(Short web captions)
____

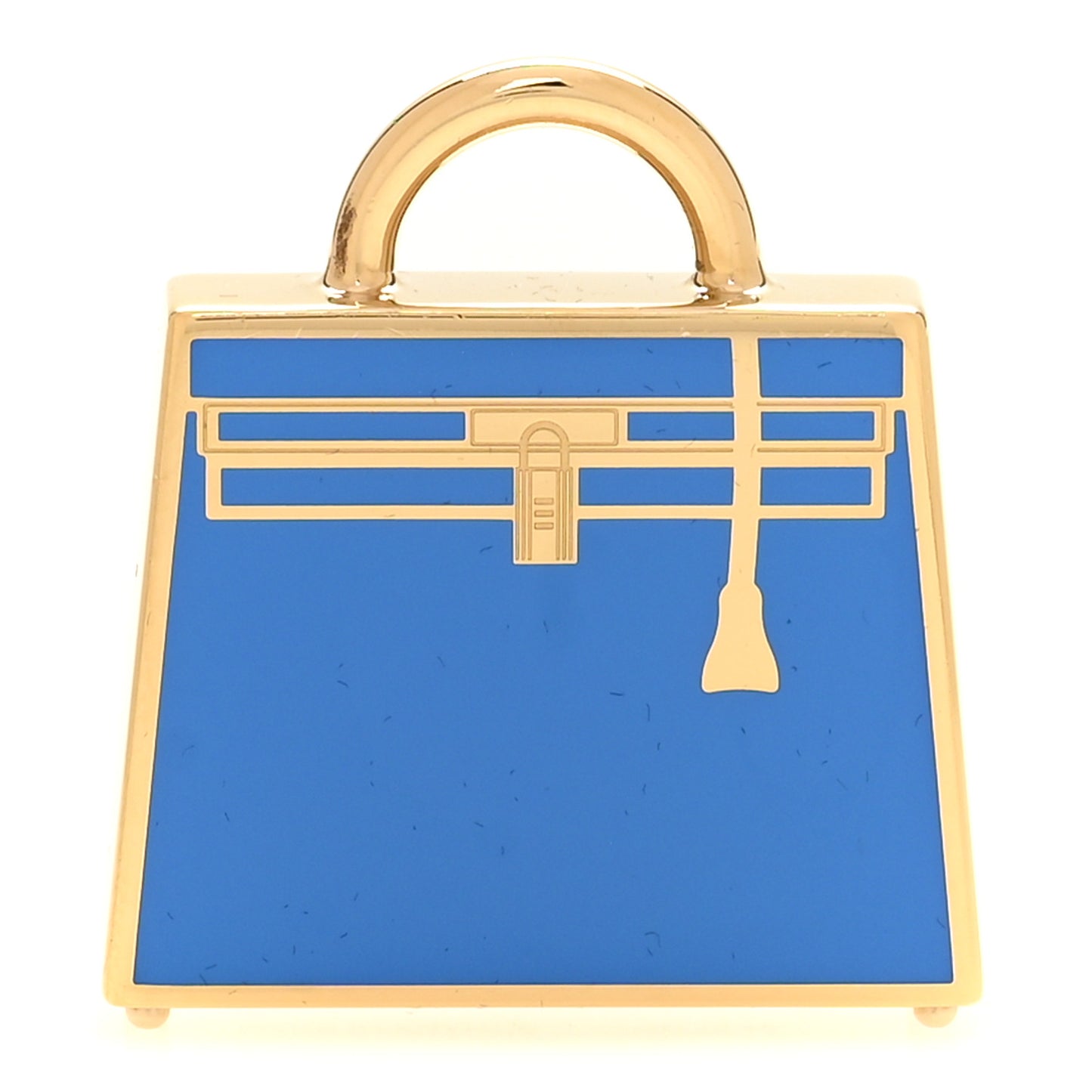 Metal Lacquered Permabrass Kelly Curiosite Charm Bleu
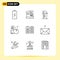 9 Creative Icons Modern Signs and Symbols of battery, hobby, shopping, hobbies, states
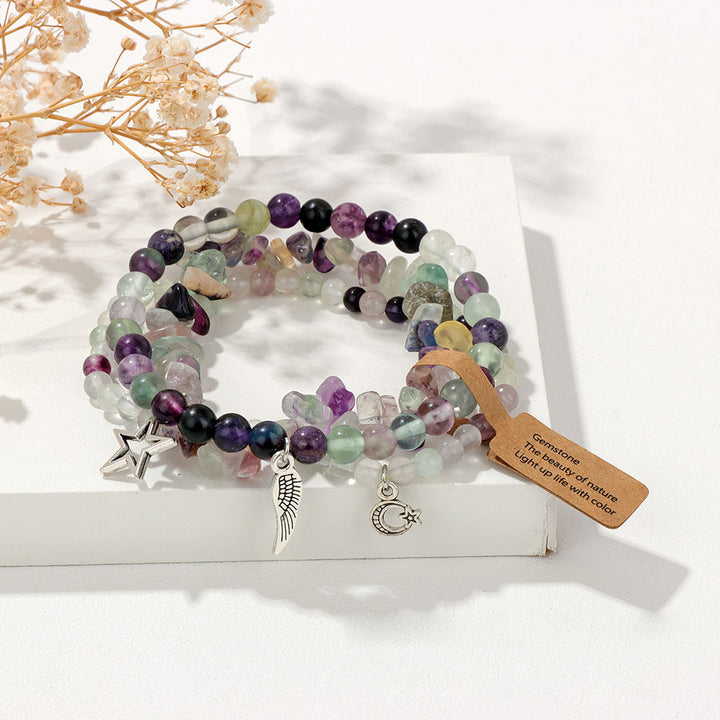 Ensemble de bracelets pendentifs lune et étoile style bohème Olivenorma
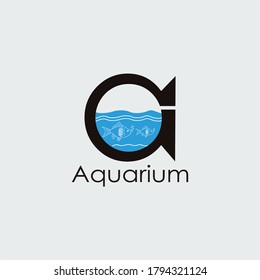Simple vector aquarium logo design. eps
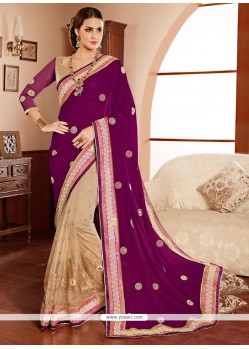 Purple And Cream Net And Georgette Saree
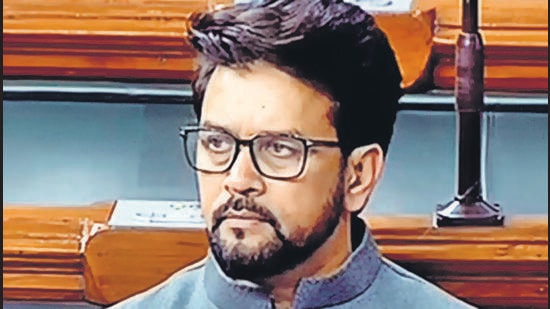 New Delhi, Dec 08 (ANI): Minister of Information and Broadcasting Anurag Thakur attends the Winter Session of Parliament in Lok Sabha, in New Delhi on Thursday. (ANI Photo/ SansadTV) (ANI)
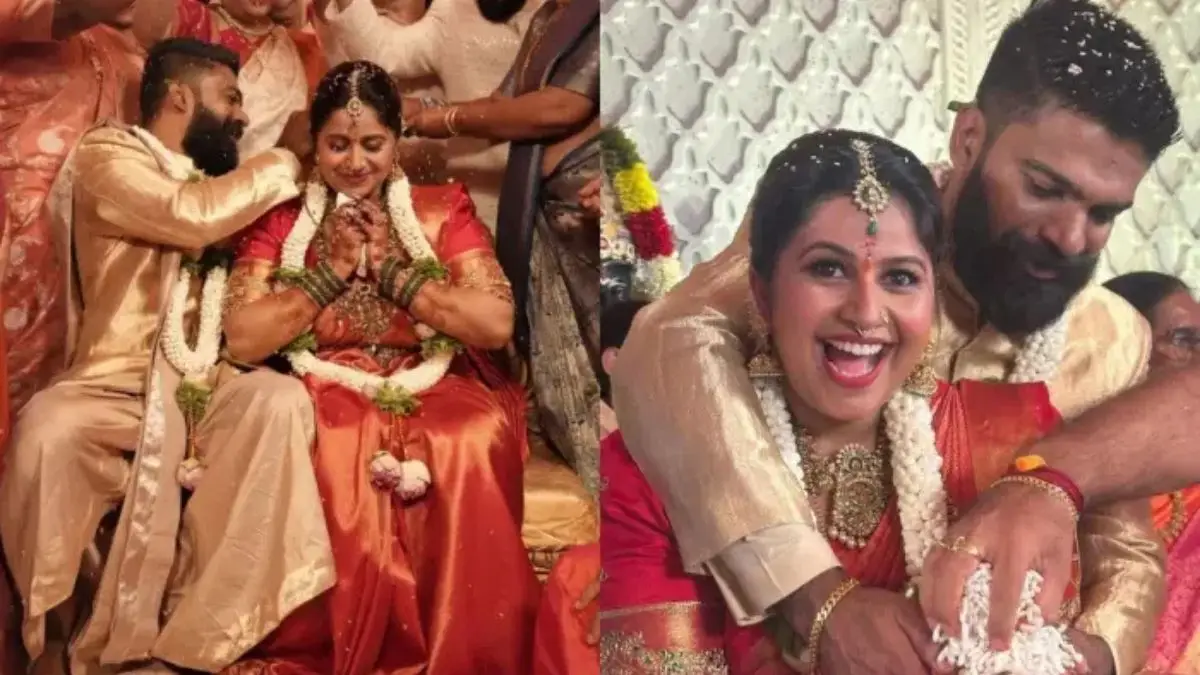 आखिरकार शादी कर ली!” एंकर अनुश्री ने रोशन संग रचाई शादी, सैंडलवुड सितारों की महफिल सज गई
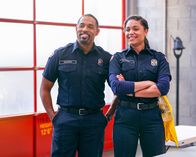 Station 19 – Jason George (Dr. Ben Warren), Barrett Doss (Victoria Hughes).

____

• Work request: Once the line holding "9 Creative Icons" is found, set it down along with every line after it through the end of the entries, exactly, leaving the pictures out.

• Task solution:
 9 Creative Icons Modern Signs and Symbols of battery, hobby, shopping, hobbies, states
 Ensemble de bracelets pendentifs lune et étoile style bohème Olivenorma
Simple vector aquarium logo design. eps
 Purple And Cream Net And Georgette Saree
 New Delhi, Dec 08 (ANI): Minister of Information and Broadcasting Anurag Thakur attends the Winter Session of Parliament in Lok Sabha, in New Delhi on Thursday. (ANI Photo/ SansadTV) (ANI)
 आखिरकार शादी कर ली!” एंकर अनुश्री ने रोशन संग रचाई शादी, सैंडलवुड सितारों की महफिल सज गई
 Station 19 – Jason George (Dr. Ben Warren), Barrett Doss (Victoria Hughes).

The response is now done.